■戦後日本の通訳者の流れのひとつに原水禁関係者がいる。これについてはあまり証言や資料がなかったが、初期原水爆禁止運動聞き取りプロジェクト編集(2012)『初期原水爆禁止運動聞き取りプロジェクト記録集成』(ピープルズ・プラン研究所)というのがあるのを知った(現在はCD-ROMで入手可能)。この中に原水禁世界大会を担った「通訳団」について詳しい証言がある。日本戦後通訳史の貴重な資料だ。500ページ以上あるがほんの少しだけ紹介しておく。
■まず通訳団はほとんどが大学生だったこと。東京外国語大学と津田塾大学の学生が中心だったようだ。ボランティアではなくアルバイトであり、会場案内のような補助的な仕事ではなく、各国代表の演説の通訳だった。募集後、合格者は早稲田大学に借りた教室で2-3週間の特訓を受ける。
■「通訳を募集すると、優秀なのがたくさん寄ってきましたよ。落とすのに苦労しましたからね。また、既に活躍していた人たちも参加してきましたね。佐藤敬子さんは、土井たか子の通訳をやって、もう亡くなりましたけれど、すばらしい女性でした。それから、秋葉忠利広島市長もそうですよ。第4回大会のときでしたかね。TV キャスターの山川千秋もいたな。浅野輔や有馬真喜子もそう。サイマルインターナショナルを起こした小松達也もいました。」
■「○藤原 通訳講座の時に通訳のツボというか、やるときにはこことここが大事というこう何か秘訣のようなものっていうのは、どう伝えられたんでしょうか。
○森 何を勉強したんでしょう。暑かったことしか覚えてない。
○滝沢 そういうコツというのは特に教わっていないですね。2人の先生が交代で英字新聞とか、英文雑誌のある部分や社説とか読むわけですよね。それで要旨を把握できるかどうかというので、読んだ後、どんな内容だったか言えっということで、それで自分が聞き取れたことを言うと、よしよしって、だんだん当たっていくというふうですよね。
○森 それから、あれは今から思えば逐次通訳の一番基礎を教えられたと思うんですけれど、いったん休んだらそこまでに聞いたことを正確にちゃんと日本語にして。正確に簡潔に言いなさいって言われましたよね。

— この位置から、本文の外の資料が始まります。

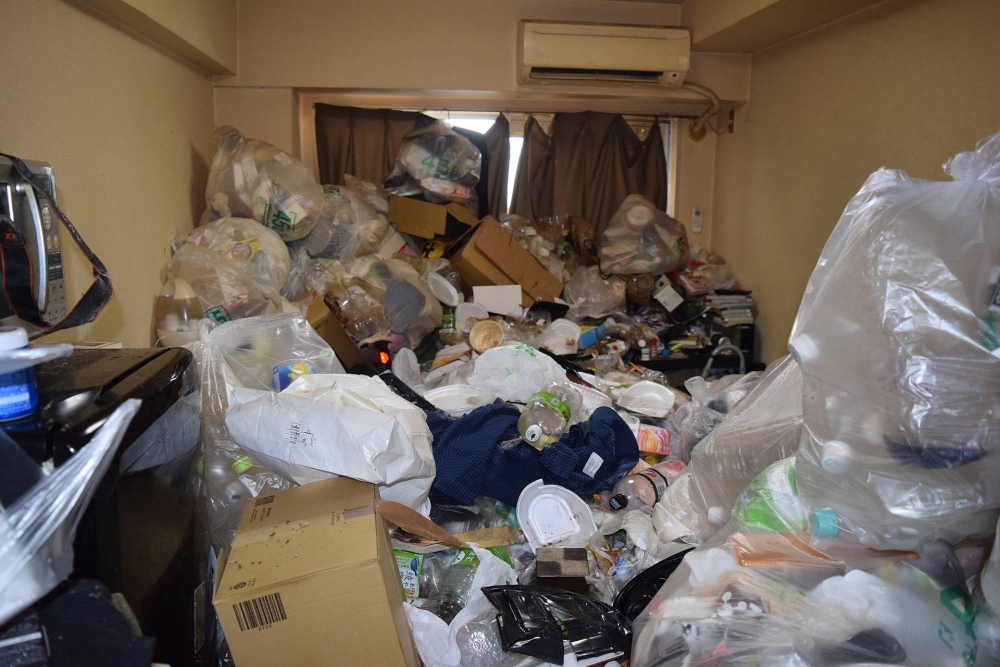 Những căn nhà chứa đầy rác tại Nhật Bản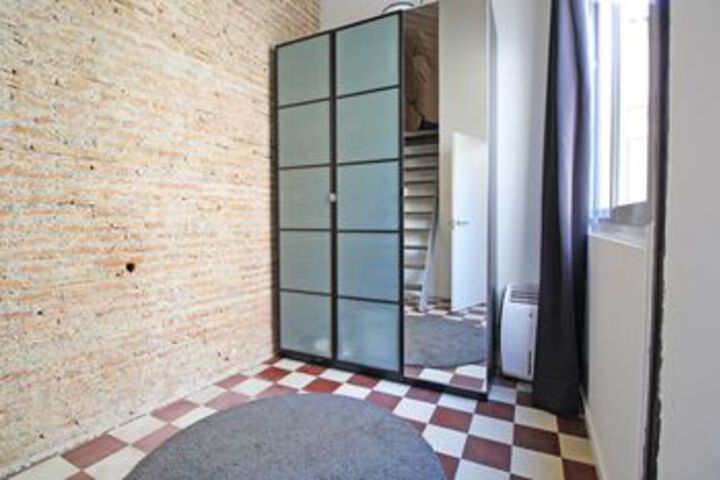 Room 13 of 25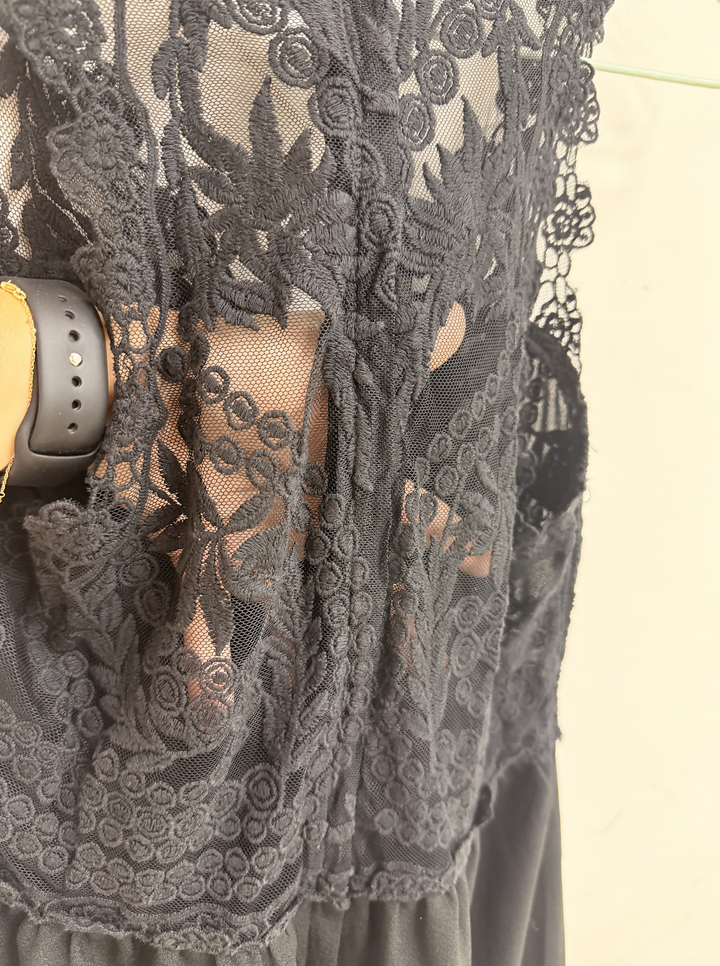 H&M Lace Mini Dress EUR 38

○滝沢 ゆめゆめ、原水爆賛成ってだけは言うなってね。
○森 そうそう。‥‥賛成ってだけは言うなってことで。
○滝沢 後はもうね、そんなに細かい指導はなかったように思います。」
■「福井治弘は、あのときの日英の通訳のナンバーワンでしたね。一番優秀なのは福井と浅野輔、光延。光延はちょっと後ですけどね。とにかく一流だ、能力があった。それから小松ね、サイマルの。」